The artistic/scientific/educational image making efforts at Bell Labs were some of the first to show that electronic digital processing (using the IBM 7094 computer) could be coupled with electronic film recording (using the Stromberg-Carlson 4020 microfilm recorder) could be used to make exciting, high resolution images. With the dozen or so films made between 1963 and 1967, and the many more films after that, they showed that computer animation was a viable activity. Zajac's work, Sinden's films (eg, Force, Mass and Motion) and studies by Noll in the area of stereo pairs (eg, Simulated basilar membrane motion) were some of the earliest contributions to what is now known as scientific visualization.
Turner Whitted arrived at Bell Labs from NC State (PhD - 78), and proceeded to shake the CGI world with an algorithm that could ray-trace a scene in a reasonable amount of time. His film, The Compleat Angler is one of the most mimicked pieces of CGI work ever, as every student that enters the discipline tries to generate a bouncing ray-traced ball sequence. Whitted was also very instrumental in the development of various scan line algorithms, as well as approaches to organizing geometric data for fast rendering. In 1983, Whitted left Bell Labs to establish Numerical Designs, Ltd. in Chapel Hill. NDL was founded with Robert Whitton of Ikonas to develop graphics toolkits for 3D CGI. Key developments of NDL include
Whitted also had a faculty appointment at UNC, and in 1997 joined the graphics division at Microsoft. He is an ACM Fellow, and received the 1986 SIGGRAPH Graphics Achievment award for his simple and elegant algorithm for ray-tracing. He is now lead contact for the Graphics group and the Hardware Devices group at Microsoft, where he is investigating alternative user interface devices, such as wearable interfaces.

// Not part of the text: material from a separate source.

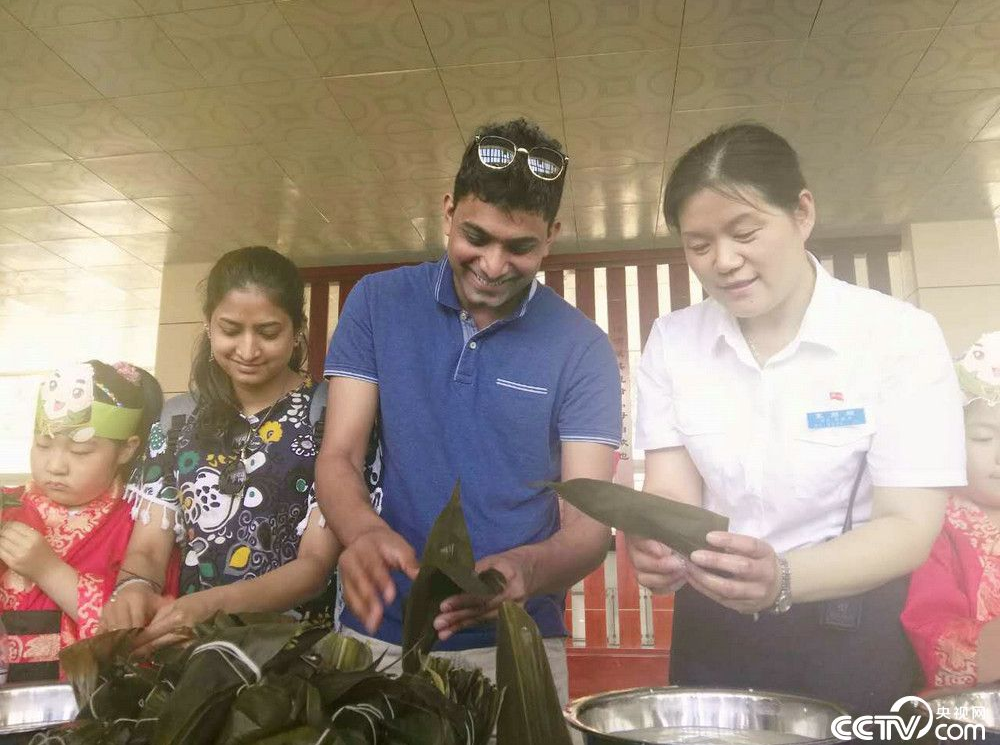 山东孔子故里:兖州火车站候车室内给旅客过“端午文化节” 山东孔子故里:兖州火车站候车室内给旅客过“端午文化节”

Knowlton/Harmon perception images
Knowlton image of CRT screen interaction with blowup of printer character composition
Ken Knowlton self portrait in mosaic (from his web site at http://www.knowltonmosaics.com/)
Frame from Edward Zajac film
Michael Noll - Gaussian Quadratic (1965)
Michael Noll - Computer Composition with Lines Mondrian approximation (1965)
Frame from VanDerBeek/Knowlton - Poem Field film (1967)
Lillian Schwartz - It Is I Mona Lisa - DaVinci comparison (1987)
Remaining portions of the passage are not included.